Afinal o meu deleite em irritá-lo era porque eu o detestava. Sim, era exatamente por isso! Eu me lembro quando cheguei no ensino médio da Academia W e eu logo reconheci Elizaveta, a minha amiga de infância. Ela estava como sempre, uma tomboy de boca suja e gestos poucos femininos. Logo pensei que eu e a Liz fôssemos passar aqueles anos como nos velhos tempos, brigando e zoando! Mas então eu conheci Roderich. Fomos apresentados no primeiro dia de aula como todo mundo, mas eu só o conheci mesmo ao vê-lo tocar a Nocturne no. 6 no piano da sala de música. Foi, bem, uma visão bem impressionante, considerando que eu não gostava de músicas ao piano, principalmente peças clássicas. Ele parecia sei lá... Tão elegante, soturno e belo. Eu fiquei paralisado por alguns momentos pela imagem daquele rapaz de traços finos, dedos longos, cabelo perfeitamente repartidos, óculos e olhos de um tom de violeta frio que se destacava nas cores do pôr-do-sol. Eu sei lá o que deu em mim naquela hora, um odiador declarado de música erudita, mas eu só pude ficar lá parado assistindo a performance.

O problema é que Elizaveta se apaixonou perdidamente pelo pianista de modos educadinhos. Confesso que no começo eu não tinha nada contra ele, sinceramente, mas depois todo aquele ar perfeitinho começou a me irritar. Dava uma vontade de bagunçar, só pra ver a sua reação. E afinal, ele também era um pianista, a minha nêmesis natural! E foi justamente por ele que a Liz se apaixonou. É brincadeira, pô! Com o tempo ela só queria andar com ele, dispensava a minha companhia sempre e até passou a se vestir como uma menina e a falar educadamente! Tipo QUÊ? É claro que eu fiquei revoltado e resolvi descontar tudo no metidinho que nem tinha nada de mais e sempre olhava para mim como se tivesse medo de sujar as suas roupas perfeitamente lavadas pela mamãe! Ah, mas isso teria troco.

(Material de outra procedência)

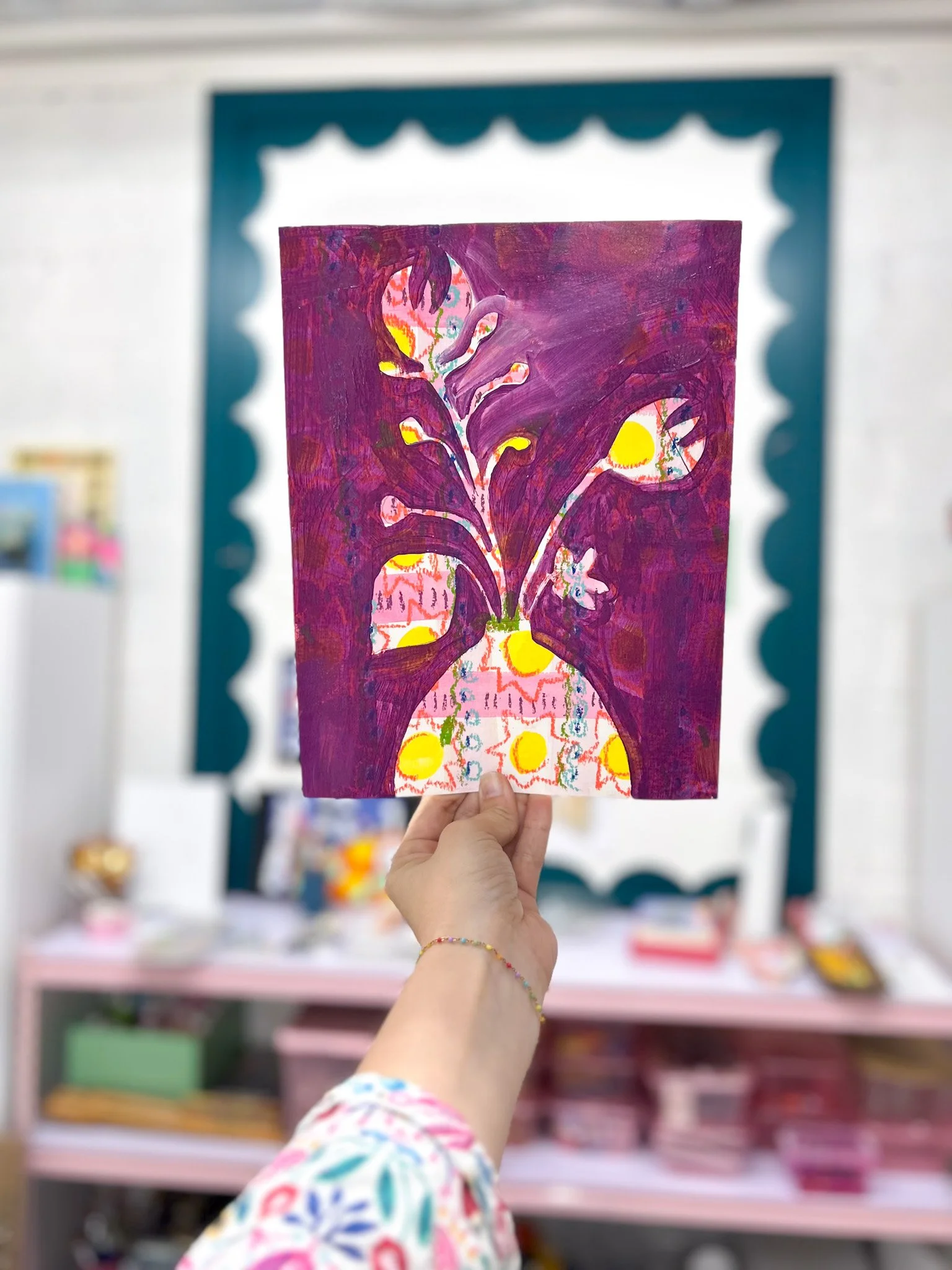 Acrylic Floral Painting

E muito troco!

Aí vem a parte que todo mundo conhece sobre eu infernizar a vida do Rod e tentar arrancar Elizaveta do lado dele. As duas missões deram certo, mas agora que eu era um jovem adulto sem gás na cozinha, me enchendo de hambúrguer de micro-ondas e cerveja numa loja de conveniência, me perguntava qual era o objetivo disso. Eu também não sabia porque não estava feliz com o jovem mestre me ignorando tão descaradamente. Mas cara, eu não devia me preocupar com isso. Não mesmo. Ou pelo menos era isso que eu ficava repetindo para mim mesmo o tempo todo.

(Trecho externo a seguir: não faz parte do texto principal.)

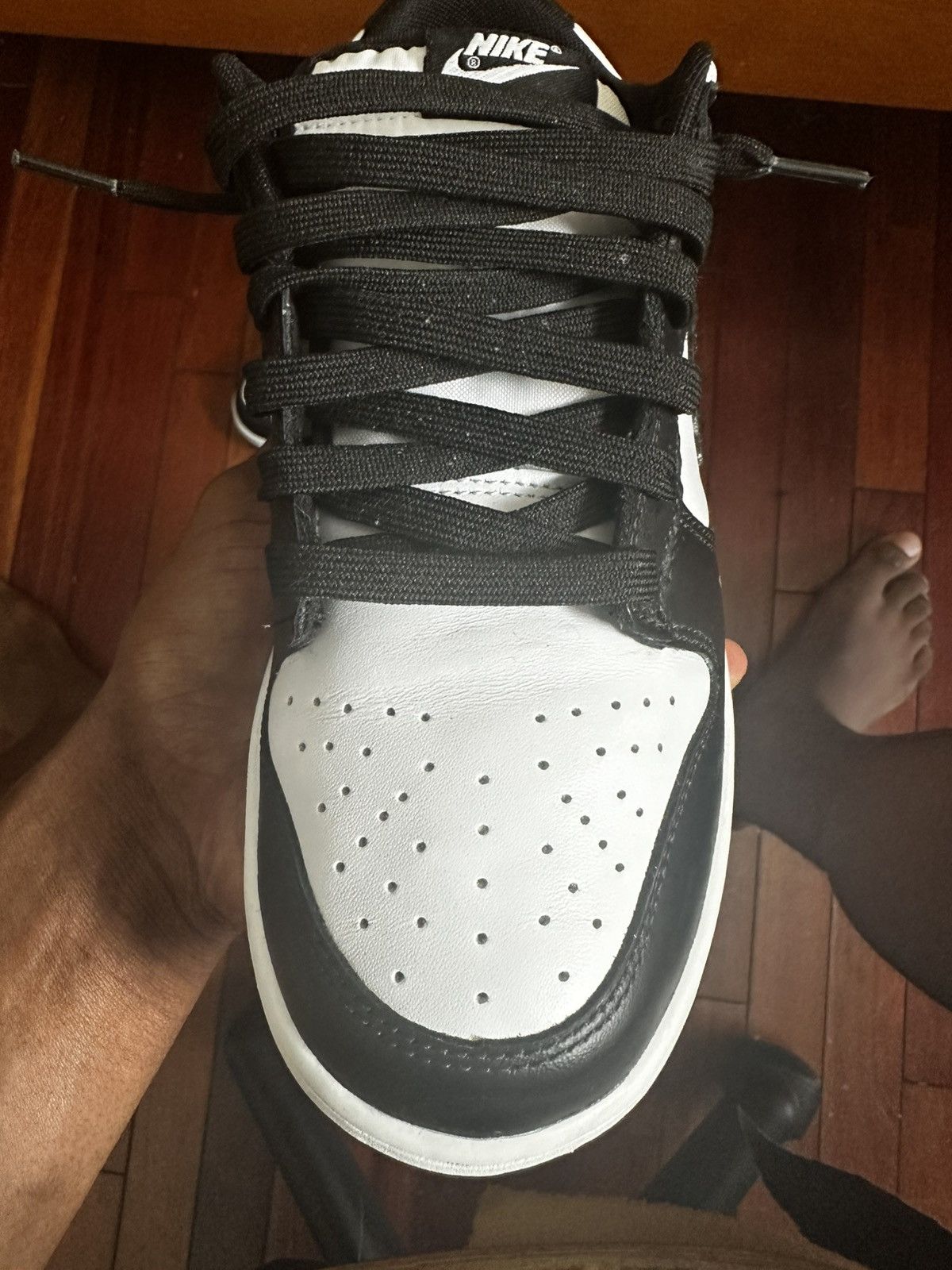 Nike Nike Dunk Low Retro “Panda” Black White Men’s Size 8.5 Size US 8.5 / EU 41-42 - 3 Thumbnail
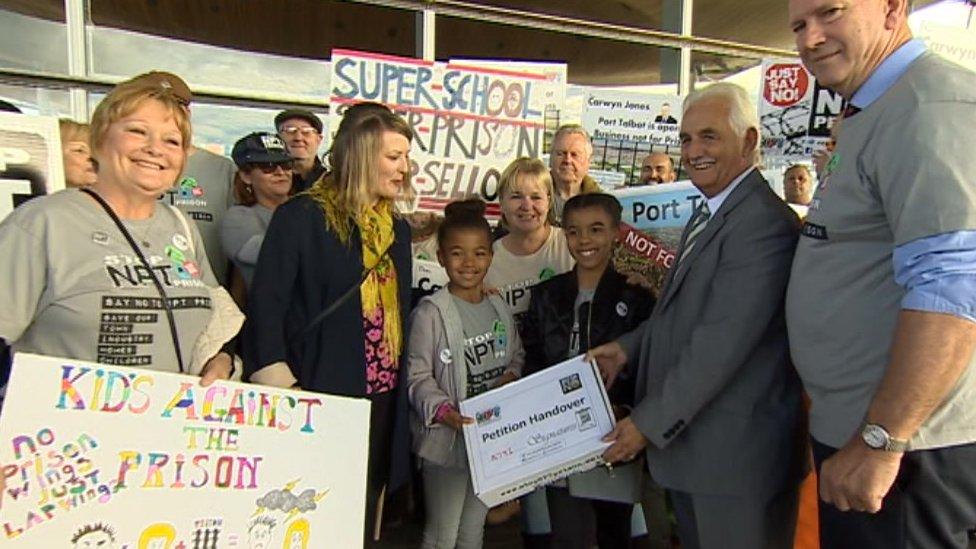 Prison petition handed in at Welsh Assembly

Voltei meio bêbado pro apartamento, afinal eu havia bebido mais do que comido o dia inteiro, culpa do meu maldito tubo de gás que havia vazado e não me deixava usar o fogão. Foi  então que eu tive a enorme coincidência de encontrar o jovem mestre subindo as escadas do prédio.

Ah, fala sério, coincidências assim só acontecem em comédias românticas americanas e livros de banca de jornal!

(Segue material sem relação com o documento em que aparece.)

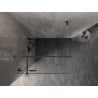 Mexen Lunar T kabina prysznicowa uchylna lewa 110 x 110 cm, transparent, gun gray szczotkowany - 834T-110-110-66-00-L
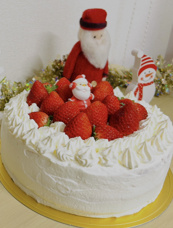 みんなでクリスマスケーキを♪の画像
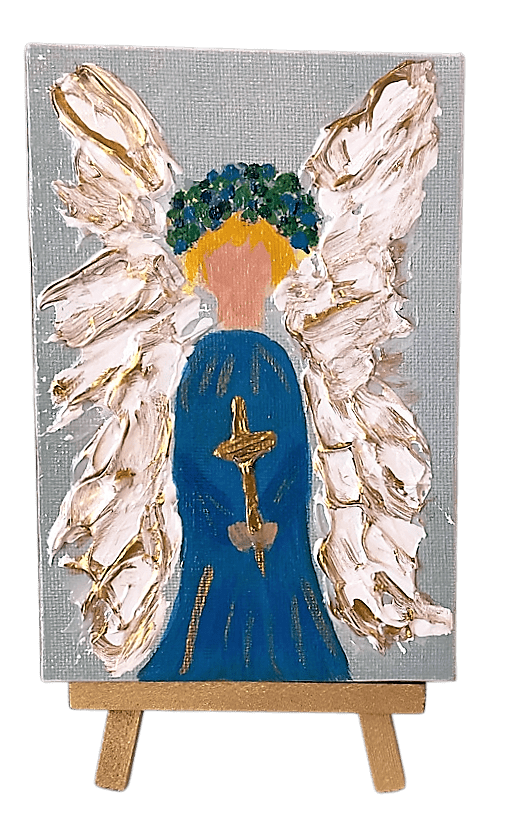 Angel Pre-Drawn Canvas Art – Boutique Saint Jean ~ The Cathedral Gift Shop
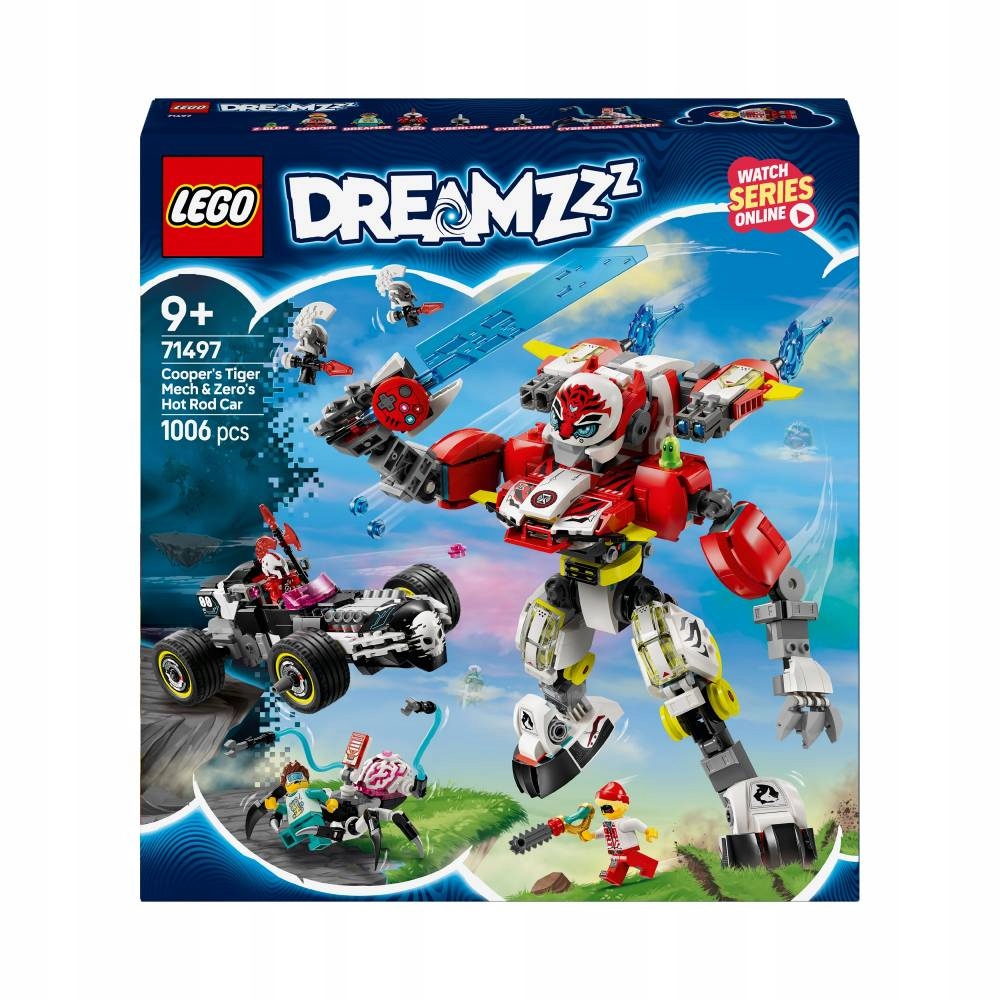 Lego 71497 DREAMZzz Tygří mech Coopera a hot rod Zero
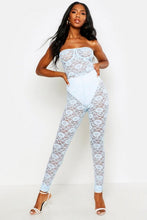 Load image into Gallery viewer, Lace Cupped Bandeau Jumpsuit
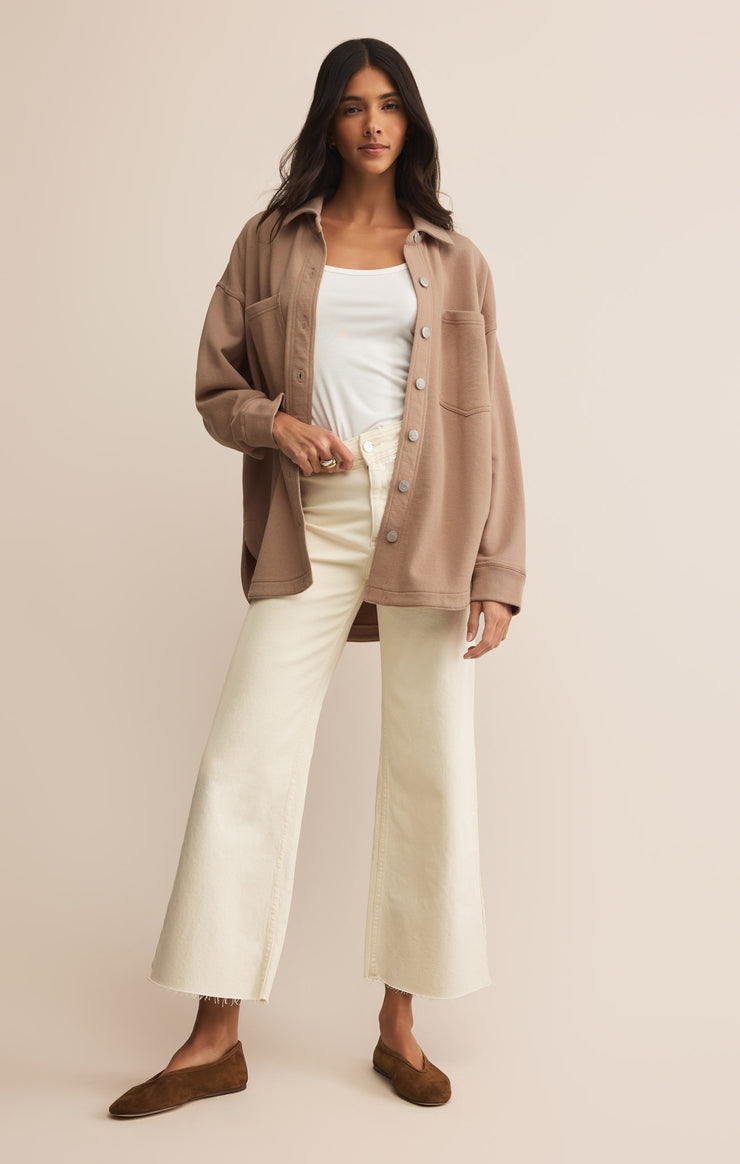 Jackets All Day Knit Jacket Iced Coffee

- Aí, jovem mestre! - gritei e para a minha sorte ele me atendeu, virando os seus violetas furiosos na minha direção, o que me deu um leve receio.

- O que é que você quer? - ele perguntou parecendo em nada satisfeito com a minha presença. Isso me deixou ainda mais bolado da vida. Como é que é cara, o que foi que eu te fiz pra ser tratado assim? Bem, mas eu não disse isso.

Cocei a cabeça, me deparando com o fato de que agora que eu havia chamado a atenção dele eu realmente não sabia como iniciar o assunto. Ainda bem que eu havia trago mais cerveja comigo, pois eu já estava prevendo que conversar com o jovem mestre me traria uma dor de cabeça indesejada. Eu suspirei, não conseguindo encontrar uma saída.

- Ahn, naquele dia eu perdi as minhas chaves no seu apartamento e... - comecei inventando uma desculpa, mas é claro que alguém tão sagaz e espertinho quanto o Rod perceberia.

- Beilschmidt - disse com o seu habitual tom falso cortês e visivelmente incomodado - Isso foi a dias, você já teria dado falta de algo assim antes e...

- Tá legal, tá legal! Eu menti! - admiti, me sentindo meio derrotado - Eu queria falar com você. Você está bravo comigo, o que foi que eu fiz dessa vez?

Os seus olhos violetas piscaram em incompreensão atrás das lentes dos óculos. Eu senti o meu rosto esquentar por um momento. Nossa, isso foi bem direto, não foi? Eu não devia ter bebido aquela vodka barata no caminho da faculdade. Bem, lá se foi por água a baixo o plano de sondar o Rod até ele me dizer porque estava tão chateadinho, e também eu sei lá porque eu havia pensado que eu manteria a minha boca quieta. E pior: eu não sabia porque me importava e incomodava tanto o fato dele estar bravo comigo, mas cara não era o meu plano deixar assim tão na cara pra ele que eu estava incomodado com isso. Bem, agora já tinha ido de qualquer forma mesmo. E o olhar totalmente espantando do aristocrata deixava ainda mais evidente que eu não deveria ter perguntado.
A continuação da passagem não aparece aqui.